## Exercise objective
Each line below from the one containing "The current density" through the one containing "Food Snacks Restaurant" should be output exactly as it stands, and no other line should appear.

[Records Boundary: Start]

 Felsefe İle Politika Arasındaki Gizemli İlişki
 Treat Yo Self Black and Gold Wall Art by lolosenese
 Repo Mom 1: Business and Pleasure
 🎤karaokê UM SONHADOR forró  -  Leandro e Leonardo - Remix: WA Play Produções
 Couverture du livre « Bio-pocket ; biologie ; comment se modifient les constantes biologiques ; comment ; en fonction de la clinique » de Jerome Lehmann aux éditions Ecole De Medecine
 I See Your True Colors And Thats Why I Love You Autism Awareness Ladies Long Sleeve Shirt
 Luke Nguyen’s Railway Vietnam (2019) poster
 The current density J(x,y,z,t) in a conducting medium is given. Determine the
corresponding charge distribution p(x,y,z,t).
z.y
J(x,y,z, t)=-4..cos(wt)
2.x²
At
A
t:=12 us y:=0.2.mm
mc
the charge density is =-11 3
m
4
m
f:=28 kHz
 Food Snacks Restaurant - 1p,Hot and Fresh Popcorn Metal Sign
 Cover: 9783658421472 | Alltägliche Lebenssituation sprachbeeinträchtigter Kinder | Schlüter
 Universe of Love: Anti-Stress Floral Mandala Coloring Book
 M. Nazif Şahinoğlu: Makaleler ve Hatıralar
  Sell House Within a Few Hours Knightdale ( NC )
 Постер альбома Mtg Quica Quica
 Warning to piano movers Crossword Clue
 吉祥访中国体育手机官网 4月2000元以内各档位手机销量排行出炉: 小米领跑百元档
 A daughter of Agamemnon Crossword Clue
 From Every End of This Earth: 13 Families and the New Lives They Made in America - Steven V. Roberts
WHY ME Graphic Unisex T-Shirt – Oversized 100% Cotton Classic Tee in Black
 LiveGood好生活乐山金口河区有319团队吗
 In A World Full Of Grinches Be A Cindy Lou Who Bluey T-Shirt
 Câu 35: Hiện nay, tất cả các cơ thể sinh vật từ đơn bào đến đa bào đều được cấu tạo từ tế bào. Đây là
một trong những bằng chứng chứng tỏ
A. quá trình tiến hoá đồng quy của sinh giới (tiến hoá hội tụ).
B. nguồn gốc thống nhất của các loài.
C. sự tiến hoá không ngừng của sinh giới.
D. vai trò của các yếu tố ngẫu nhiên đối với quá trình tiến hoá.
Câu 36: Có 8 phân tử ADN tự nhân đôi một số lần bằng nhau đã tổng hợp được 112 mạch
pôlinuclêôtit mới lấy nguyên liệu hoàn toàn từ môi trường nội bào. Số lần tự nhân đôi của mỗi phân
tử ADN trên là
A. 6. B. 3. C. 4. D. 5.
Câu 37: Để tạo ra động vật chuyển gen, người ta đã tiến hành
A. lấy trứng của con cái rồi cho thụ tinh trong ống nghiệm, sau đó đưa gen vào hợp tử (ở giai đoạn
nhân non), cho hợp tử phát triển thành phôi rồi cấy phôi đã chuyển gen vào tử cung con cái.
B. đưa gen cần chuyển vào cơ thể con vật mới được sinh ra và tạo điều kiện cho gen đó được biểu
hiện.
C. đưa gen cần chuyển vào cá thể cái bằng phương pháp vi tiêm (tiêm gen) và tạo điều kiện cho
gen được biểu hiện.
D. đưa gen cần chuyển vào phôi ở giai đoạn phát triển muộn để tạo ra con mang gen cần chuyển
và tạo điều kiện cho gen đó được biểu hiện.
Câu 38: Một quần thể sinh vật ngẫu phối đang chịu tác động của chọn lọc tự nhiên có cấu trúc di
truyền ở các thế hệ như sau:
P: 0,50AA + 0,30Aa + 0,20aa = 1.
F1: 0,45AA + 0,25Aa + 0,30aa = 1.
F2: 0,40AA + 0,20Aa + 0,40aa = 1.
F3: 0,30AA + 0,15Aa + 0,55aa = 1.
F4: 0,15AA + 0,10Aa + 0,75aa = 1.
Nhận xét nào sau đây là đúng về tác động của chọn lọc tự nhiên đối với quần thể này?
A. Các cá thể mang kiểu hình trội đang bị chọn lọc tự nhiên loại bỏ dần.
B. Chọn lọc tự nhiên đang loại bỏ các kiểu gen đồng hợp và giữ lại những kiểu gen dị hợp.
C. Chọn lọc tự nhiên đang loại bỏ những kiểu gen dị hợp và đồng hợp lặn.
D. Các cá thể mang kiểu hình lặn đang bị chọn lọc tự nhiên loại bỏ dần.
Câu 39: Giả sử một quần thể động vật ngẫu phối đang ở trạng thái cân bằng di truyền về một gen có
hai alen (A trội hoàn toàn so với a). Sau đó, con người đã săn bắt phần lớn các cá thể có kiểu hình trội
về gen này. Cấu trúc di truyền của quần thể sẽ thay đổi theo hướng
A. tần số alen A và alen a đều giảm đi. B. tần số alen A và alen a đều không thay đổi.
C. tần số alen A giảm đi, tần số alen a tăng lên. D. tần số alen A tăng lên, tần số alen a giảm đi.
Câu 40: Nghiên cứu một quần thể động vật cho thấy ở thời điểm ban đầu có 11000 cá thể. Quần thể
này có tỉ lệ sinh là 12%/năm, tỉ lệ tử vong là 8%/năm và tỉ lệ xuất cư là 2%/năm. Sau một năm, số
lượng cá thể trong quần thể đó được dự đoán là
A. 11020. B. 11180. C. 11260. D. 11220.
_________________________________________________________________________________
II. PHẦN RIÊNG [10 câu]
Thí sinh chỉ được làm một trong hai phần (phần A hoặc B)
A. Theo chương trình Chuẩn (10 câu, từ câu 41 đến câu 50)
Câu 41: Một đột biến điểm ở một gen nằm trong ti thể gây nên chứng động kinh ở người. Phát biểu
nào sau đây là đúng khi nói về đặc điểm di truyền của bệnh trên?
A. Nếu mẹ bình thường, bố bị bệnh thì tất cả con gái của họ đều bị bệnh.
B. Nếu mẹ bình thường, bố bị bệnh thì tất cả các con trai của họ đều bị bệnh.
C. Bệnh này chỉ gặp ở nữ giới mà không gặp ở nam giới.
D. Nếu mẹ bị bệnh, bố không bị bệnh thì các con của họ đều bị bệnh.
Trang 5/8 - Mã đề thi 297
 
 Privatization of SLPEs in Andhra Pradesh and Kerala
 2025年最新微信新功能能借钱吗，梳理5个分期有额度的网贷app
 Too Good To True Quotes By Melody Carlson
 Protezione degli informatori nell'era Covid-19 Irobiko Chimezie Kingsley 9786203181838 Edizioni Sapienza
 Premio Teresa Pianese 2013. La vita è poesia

[Records Boundary: End]

## Result below
 The current density J(x,y,z,t) in a conducting medium is given. Determine the
corresponding charge distribution p(x,y,z,t).
z.y
J(x,y,z, t)=-4..cos(wt)
2.x²
At
A
t:=12 us y:=0.2.mm
mc
the charge density is =-11 3
m
4
m
f:=28 kHz
 Food Snacks Restaurant - 1p,Hot and Fresh Popcorn Metal Sign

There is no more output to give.